Considering an endowment fund for your nonprofit?
The Community Foundation for Southeast Michigan hosted an Agency Endowment 101 webinar to define what endowment is, detail how the Foundation invests and administers endowment funds, and illustrate how our staff supports more than 230 agency endowment partners. If you’re interested in watching this webinar, you can view it here.
We were elated to see so many of our community partners join this webinar. During our Q&A, we received many questions about financial health and whether their organization was financially ready to start an endowment fund. We turned to one of our senior accountants, Claire Sorenson Devlin, to follow up on that conversation with some initial guidance to nonprofits considering endowment. Before joining CFSEM, Claire served as the Director of Finance for Habitat for Humanity of Oakland County, giving her a unique perspective on stewarding nonprofit funds for long term goals.
Please note that we are providing this information as a general frame for internal assessment, and it is not intended as legal, accounting, or financial planning advice. We encourage you to consult professional advisors to best serve your organization’s future.

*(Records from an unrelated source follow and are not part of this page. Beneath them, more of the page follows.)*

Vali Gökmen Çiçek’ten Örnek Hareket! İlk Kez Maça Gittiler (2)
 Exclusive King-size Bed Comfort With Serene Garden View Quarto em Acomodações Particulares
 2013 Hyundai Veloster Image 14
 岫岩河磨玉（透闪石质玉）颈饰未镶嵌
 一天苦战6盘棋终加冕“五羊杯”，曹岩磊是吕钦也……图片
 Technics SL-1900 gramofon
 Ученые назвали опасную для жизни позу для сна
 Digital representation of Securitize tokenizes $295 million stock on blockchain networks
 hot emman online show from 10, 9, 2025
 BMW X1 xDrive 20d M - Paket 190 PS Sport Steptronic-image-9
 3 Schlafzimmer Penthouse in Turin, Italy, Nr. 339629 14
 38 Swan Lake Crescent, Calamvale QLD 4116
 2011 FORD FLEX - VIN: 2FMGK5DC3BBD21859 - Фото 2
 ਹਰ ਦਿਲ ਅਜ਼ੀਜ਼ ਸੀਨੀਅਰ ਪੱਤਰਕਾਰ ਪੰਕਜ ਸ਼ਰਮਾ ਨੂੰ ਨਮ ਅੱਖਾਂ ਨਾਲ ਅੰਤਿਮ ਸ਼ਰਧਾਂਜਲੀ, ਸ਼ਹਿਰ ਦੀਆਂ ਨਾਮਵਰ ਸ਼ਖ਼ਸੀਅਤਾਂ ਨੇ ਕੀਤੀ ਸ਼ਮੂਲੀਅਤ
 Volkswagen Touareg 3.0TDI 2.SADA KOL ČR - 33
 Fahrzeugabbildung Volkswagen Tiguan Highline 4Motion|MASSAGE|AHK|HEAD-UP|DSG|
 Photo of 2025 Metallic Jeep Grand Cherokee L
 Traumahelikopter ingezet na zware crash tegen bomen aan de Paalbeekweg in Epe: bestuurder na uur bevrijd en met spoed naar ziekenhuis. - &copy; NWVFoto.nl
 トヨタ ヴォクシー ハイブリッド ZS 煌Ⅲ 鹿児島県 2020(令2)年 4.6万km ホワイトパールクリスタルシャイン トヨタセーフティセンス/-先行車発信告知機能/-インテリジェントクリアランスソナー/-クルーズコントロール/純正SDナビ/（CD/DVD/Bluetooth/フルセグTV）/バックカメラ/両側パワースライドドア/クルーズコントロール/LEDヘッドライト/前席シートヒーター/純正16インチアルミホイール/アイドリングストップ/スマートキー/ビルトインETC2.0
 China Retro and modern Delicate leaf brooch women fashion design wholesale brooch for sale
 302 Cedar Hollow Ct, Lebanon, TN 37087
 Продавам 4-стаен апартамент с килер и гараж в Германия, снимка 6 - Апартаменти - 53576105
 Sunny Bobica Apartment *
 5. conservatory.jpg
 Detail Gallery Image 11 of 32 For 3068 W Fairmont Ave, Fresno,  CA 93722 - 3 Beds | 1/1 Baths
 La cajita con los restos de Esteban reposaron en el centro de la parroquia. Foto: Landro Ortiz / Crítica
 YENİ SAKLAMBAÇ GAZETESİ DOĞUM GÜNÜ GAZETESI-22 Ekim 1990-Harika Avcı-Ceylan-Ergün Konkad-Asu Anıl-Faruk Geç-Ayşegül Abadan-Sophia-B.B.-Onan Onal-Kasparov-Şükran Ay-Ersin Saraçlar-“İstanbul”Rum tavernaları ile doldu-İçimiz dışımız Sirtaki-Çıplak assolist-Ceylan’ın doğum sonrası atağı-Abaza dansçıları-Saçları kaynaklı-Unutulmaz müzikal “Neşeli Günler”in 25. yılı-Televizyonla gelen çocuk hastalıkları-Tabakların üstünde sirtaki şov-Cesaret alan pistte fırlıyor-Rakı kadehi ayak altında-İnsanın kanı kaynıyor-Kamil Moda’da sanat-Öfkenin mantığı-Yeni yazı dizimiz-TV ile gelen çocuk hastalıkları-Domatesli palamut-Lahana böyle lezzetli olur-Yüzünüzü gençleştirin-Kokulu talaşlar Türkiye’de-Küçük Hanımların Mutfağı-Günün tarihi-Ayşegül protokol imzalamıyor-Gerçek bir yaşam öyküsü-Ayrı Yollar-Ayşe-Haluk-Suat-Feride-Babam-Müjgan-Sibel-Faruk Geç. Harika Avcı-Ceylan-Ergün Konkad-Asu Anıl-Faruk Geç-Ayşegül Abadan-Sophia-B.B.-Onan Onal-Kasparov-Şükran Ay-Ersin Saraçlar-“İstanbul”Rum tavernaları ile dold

Here are some questions to consider:
- Does your organization have a balanced operating budget? Do you budget for a cash reserve each year?
- Do you currently maintain cash reserves? How long would you be able to run operations with no additional revenue expected? A good rule of thumb is three to six months of your annual operating budget in liquidity to withstand fluctuations in revenue.
- Does your organization have a diverse stream of revenue sources?
- How does your balance sheet look?
- Consider talking to your bank to help determine the strength of your balance sheet
- Liquidity: Organizations should strive for a current ratio (current assets / current liabilities) of 1.0 or higher
- Leverage: Organizations should strive for a leverage ratio (total debt / total assets) of 3.0 or lower.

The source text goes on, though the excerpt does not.